Full Title of Study: “BREATHE Registry – I Brazilian Registry of Heart Failure”
Study Type
- Study Type: Observational
- Study Design
- Time Perspective: Prospective
- Study Primary Completion Date: July 2019
Detailed Description
Background: Several local registries seek to show an isolated clinical characteristics of patients hospitalized with heart failure (HF) in hospitals and communities in Brazil. Overall, the analysis of these data suggests that there are important differences in etiology, the factors of decompensation, treatment and prognosis of HF patients in different regions. Objectives: To evaluate the demographic, clinical, prognostics characteristics of 1,200 patients admitted with clinical diagnosis of decompensate heart failure in a group of 60 hospitals representative in different regions. Other specific objectives include describing the in-hospital mortality after admission, to describe the content and the reason for re-admission, to assess adherence to evidence-based guidelines (recommended by guidelines), to measure indicators of quality of care and establish a national registry data to allow for comparison with international records of patients admitted with ADHF. Methods: Observational cross (record) with longitudinal follow-up where patients admitted to public and private hospitals primarily defined in IC will be studied.
Arms, Groups and Cohorts
- Heart Failure patients (Breathe I)
- Patients admitted with clinical diagnosis of decompensate heart failure, > 18 years old.

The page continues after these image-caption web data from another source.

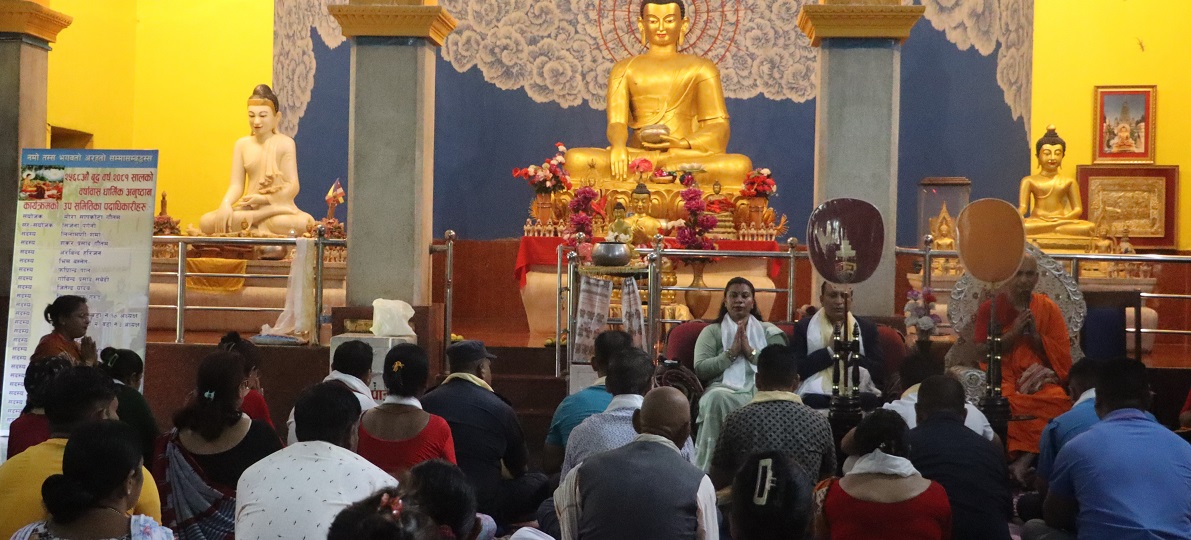 लुम्बिनीमा तीनमहिने धर्मदेशना वर्षाबास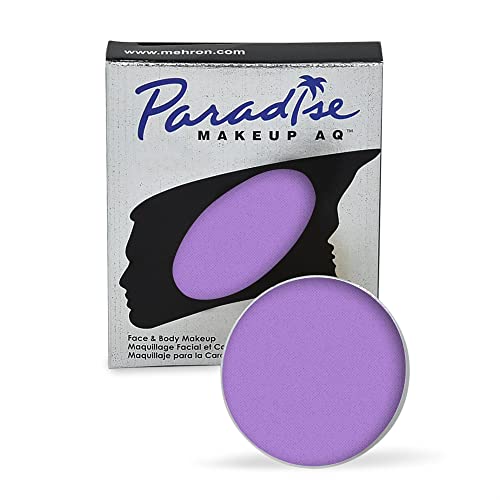 Mehron Makeup Paradise Makeup AQ Refill Size | Stage & Screen, Face & Body Painting, Beauty, Cosplay, and Halloween | Water Activated Face Paint, Body Paint, Cosplay Makeup .25 oz (7 ml) (PURPLE) - Purple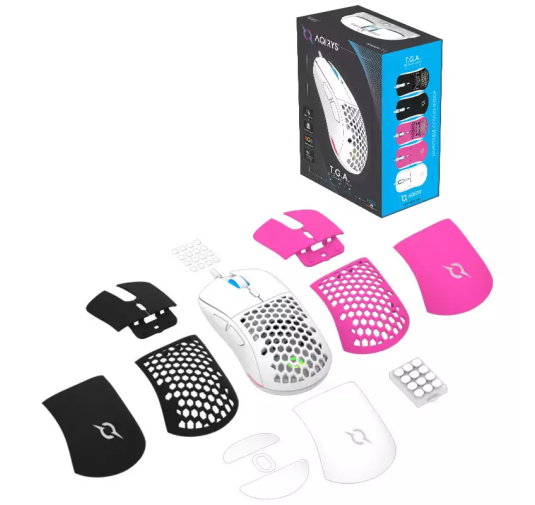 SOURIS GAMER AQIRYS TGA W, RGB, Filaire, White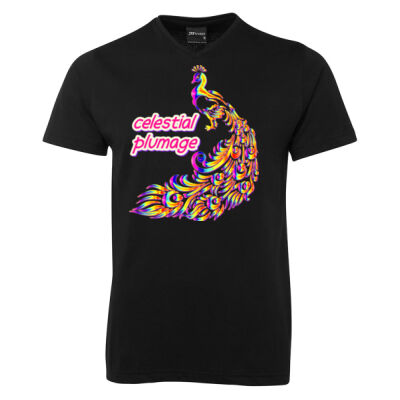 celestial plumage - V-Neck Tee Thumbnail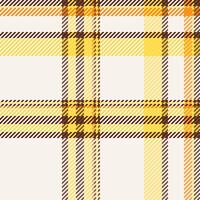 Sketching check plaid fabric, halftone vector background tartan. Rural seamless pattern texture textile in white and linen colors.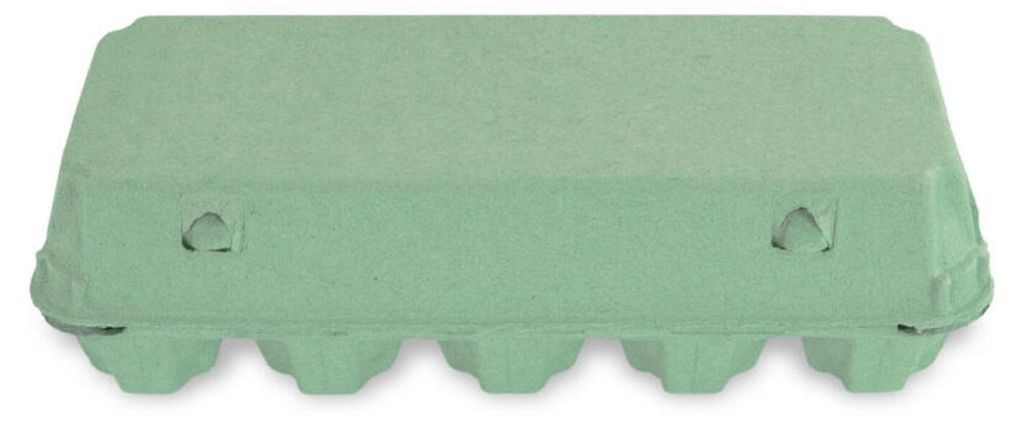 154x Eierverpackungen für 10 Eier dunkelgrün . für S M L Produktbild 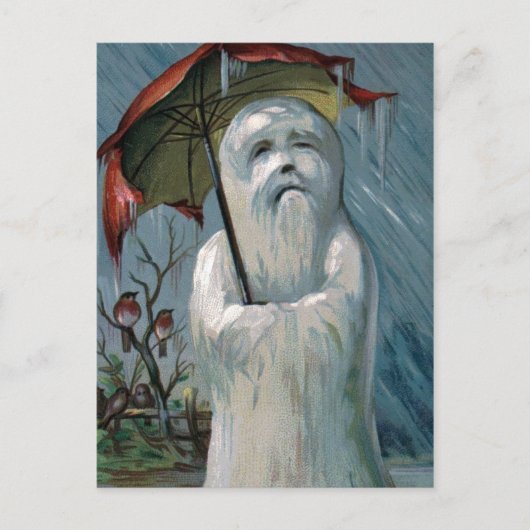 Weihnachtskarte Postkarte (Vorderseite)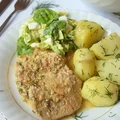 Schab duszony w lekkim sosie koperkowym!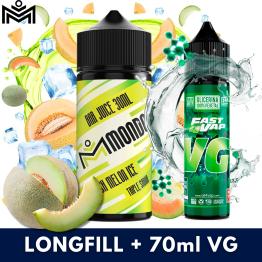 Aroma Crush Melon Ice 30ml (Longfill) Mondo + VG FAST 70ML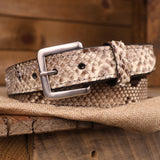 Python Natural Bifold and Leather Belt Bundle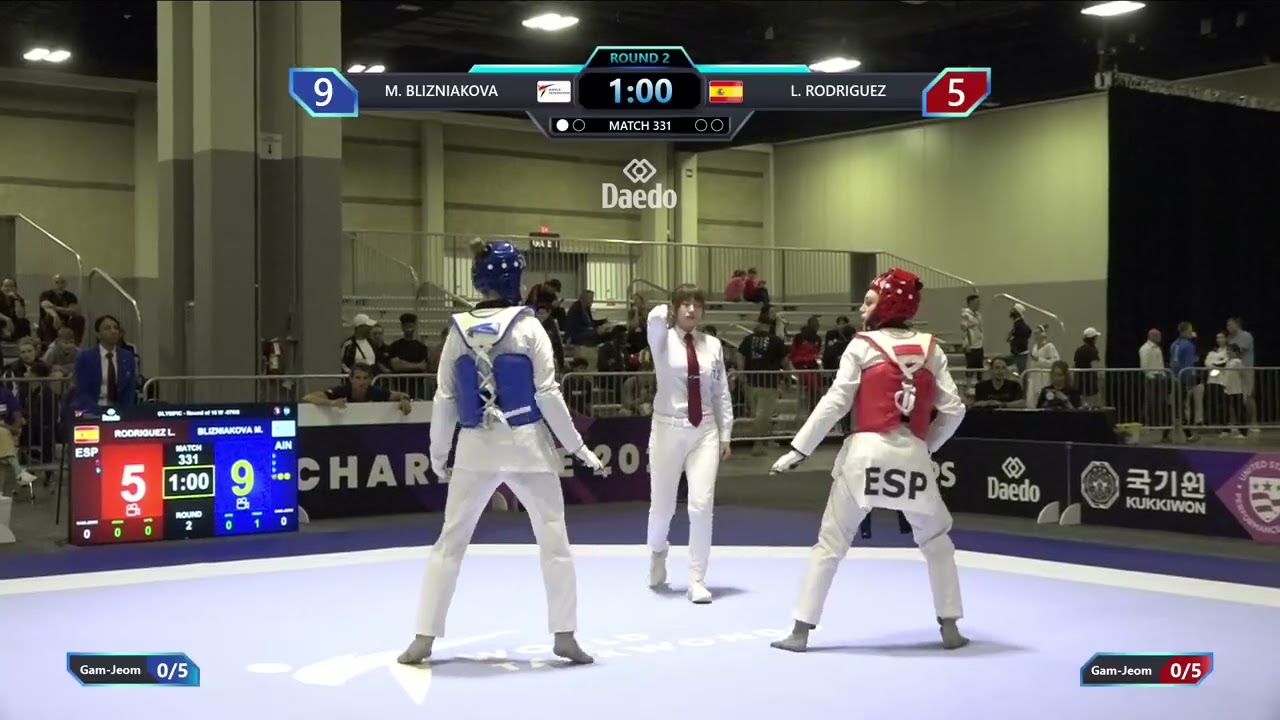 331 Round of 16 W 57kg AIN M BLIZNIAKOVA ESP L RODRIGUEZ PGM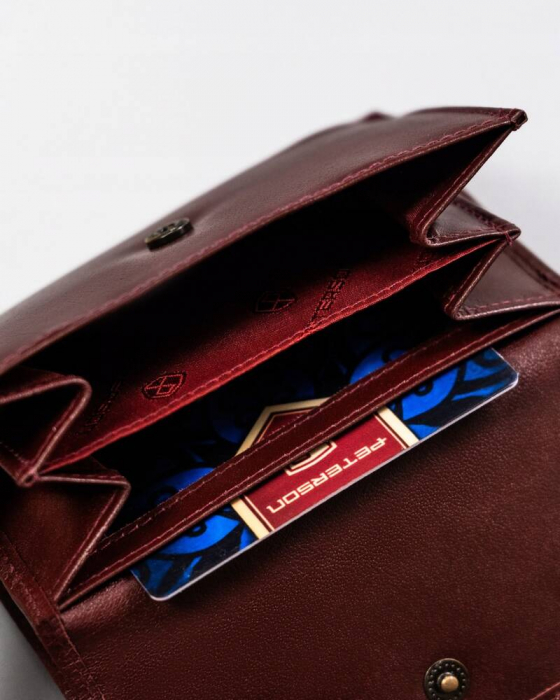 Portofel dama din piele naturala Peterson PTR-PTN 70-BO-7918 WINE [10]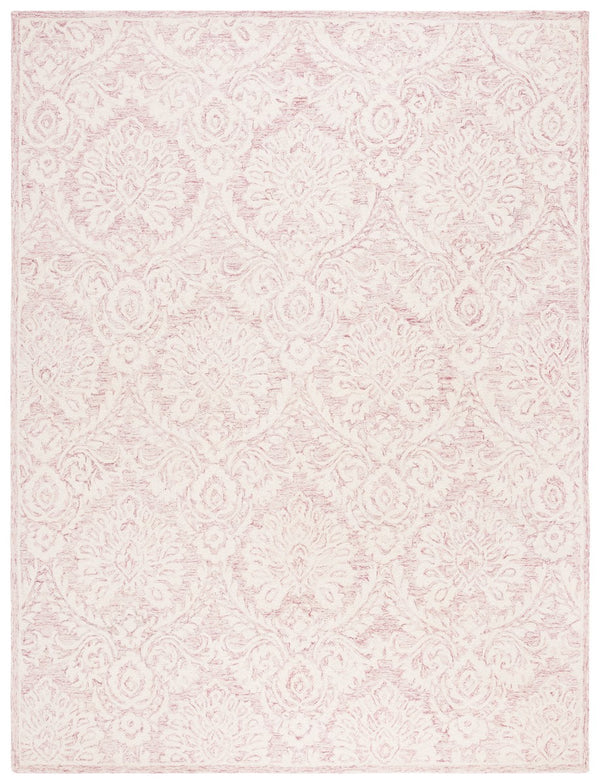 Safavieh Blossom 106 Hand Tufted Country and Floral Rug Pink / Ivory BLM106U-4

- Heart Failure patients (Breathe Extension)
- Patients admitted with clinical diagnosis of decompensate heart failure, > 18 years old.
Clinical Trial Outcome Measures
Primary Measures
- Total mortality
- Time Frame: follow up at 3, 6 and 12 months
Secondary Measures
- Proportion of patients receiving interventions with proven benefit shown by different indicators of quality of care.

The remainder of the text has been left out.